While the beating the guy took was quite excessive, I think it goes back to "what comes around, goes around." 
Physical confrontation was the risk the idiot took when decided to rob the 7-11.


----------



## grydth (Aug 2, 2007)

Ella said:


> excessive force, don't you think?
> 
> I mean, the guy was lying there in the fetal postion. He was obviously done.



I have to respectfully part ways with you on this one. 

I don't have a lot of sympathy for violent thugs who prey on innocent small business owners to begin with...

In a rough justice sense, this x got what he was looking to hand out to these innocent workers. I wish I could see 10 videos like this a night. Maybe then we could walk on our own streets.

 Even looking at it as a matter of law, to me its self - defense. The criminal was obviously violent and destructive, a genuine threat to these shop owners. Note how again and again he puts his hand to his right pocket, clearly a probability of a weapon here. His pacing and screaming are other indications of a violent and unpredicatble nature.
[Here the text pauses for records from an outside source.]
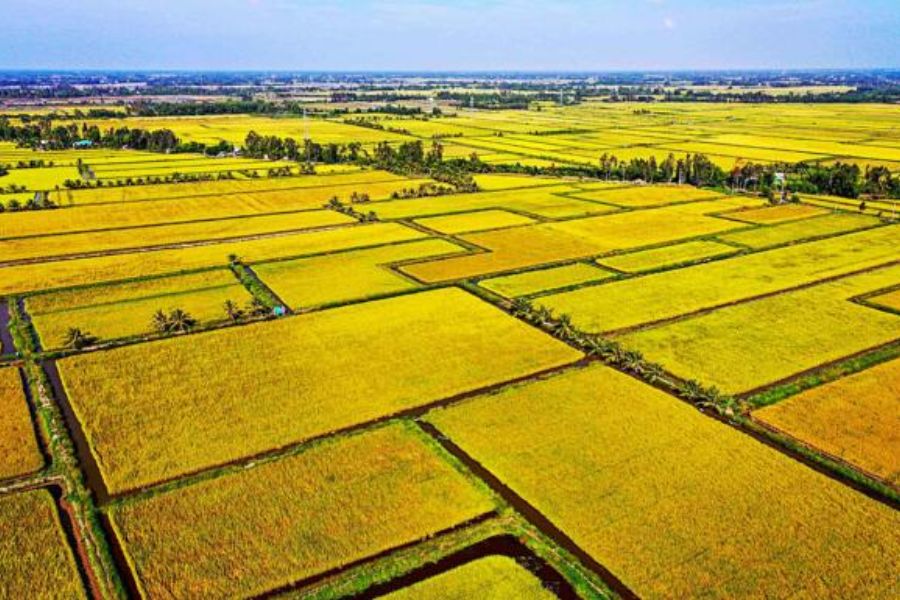 Delta du Mékong – Des rizières à perte de vue 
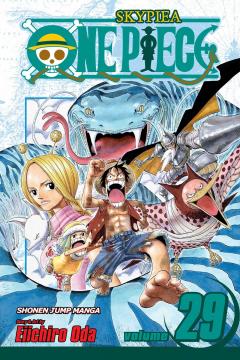 One Piece - Volume 29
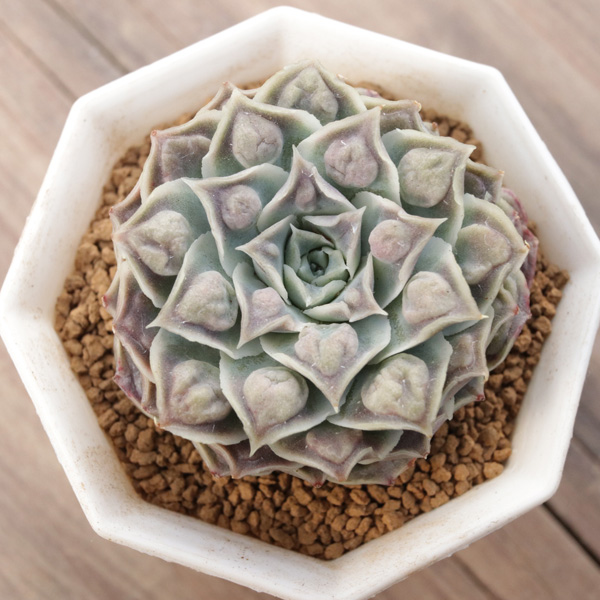 ハートチョイス】の紹介ページ｜E-TANIKU（イータニク）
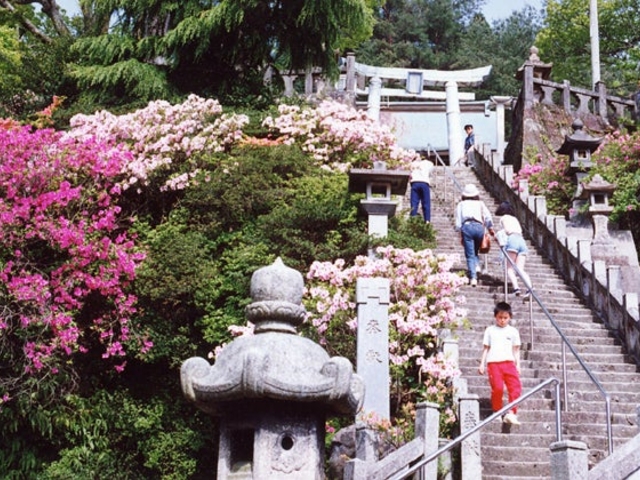 �L�c�����̃c�c�W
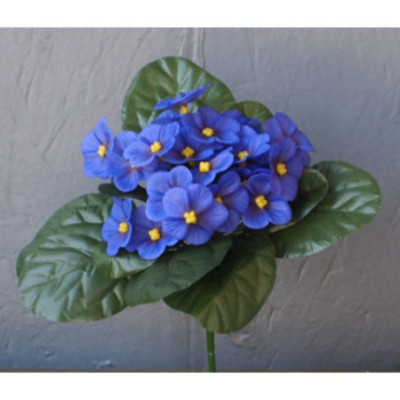 Petit bouquet saint paulia et corolle de feuilles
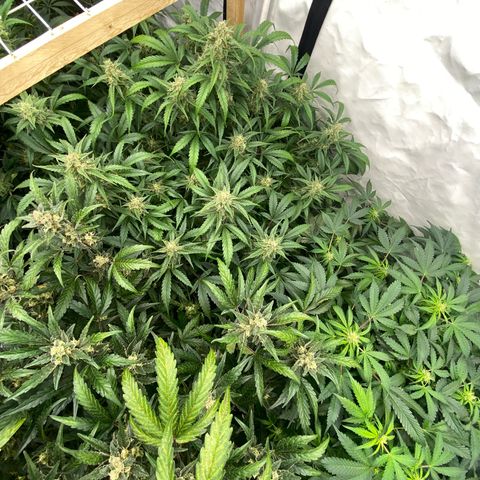 Polar Gelato growlog timeline photo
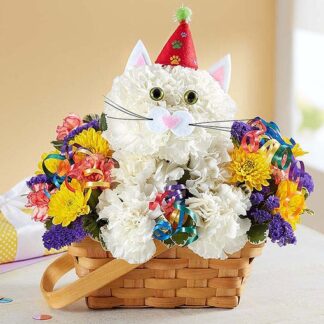 Purrfect Party Cat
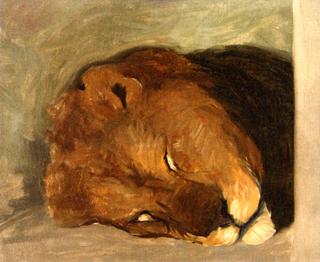 Sleeping Lion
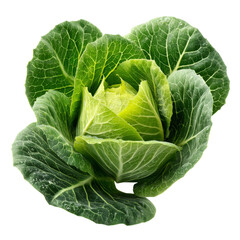 Fototapeta premium Fresh green cabbage with vibrant leaves and tight core, perfect for salads and cooking. This vegetable showcases its natural beauty and crisp texture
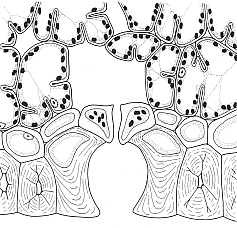 huidmondje De bladeren van de naaldbomen van de taiga hebben zich tijdens de evolutie aangepast om het klimaat te trotseren. Ze zijn naaldvormig, leerachtig en bedekt met een waslaagje.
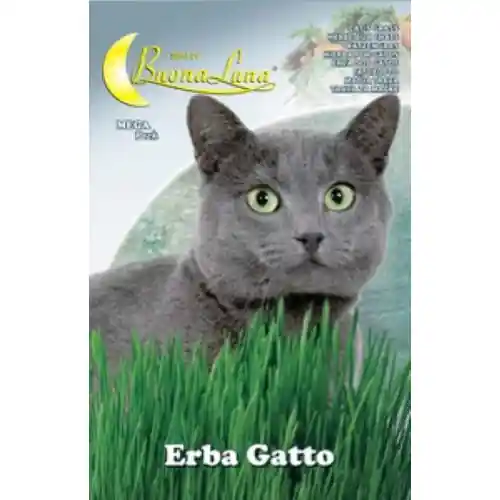 Voordeelprijs Hortus Buona Luna 3 gr semi erba gatta gatto seminare orto giardino prato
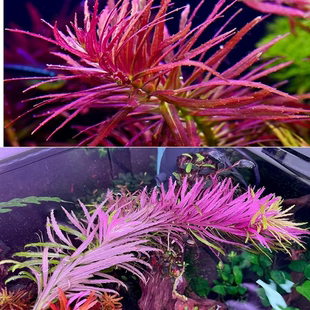 紫三角水草打头草缸鱼缸造景荷兰景中后景有茎阳性百叶红草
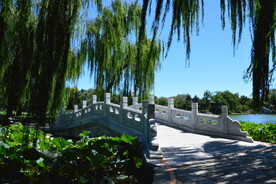 公园风景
Given all of these things, the store owner was justified in pounding the snot out of him. As another poster has noted, this type of wacko could cover up one moment and come off the floor with a weapon in the next.

Let's give the benefit of the doubt to the citizen.... for a change.


----------



## arnisador (Aug 2, 2007)

Ella said:


> excessive force, don't you think?



I thought so too. While the overall fairness is there, legally speaking I would think the victor could be in legal danger...and rightly so. He went too far.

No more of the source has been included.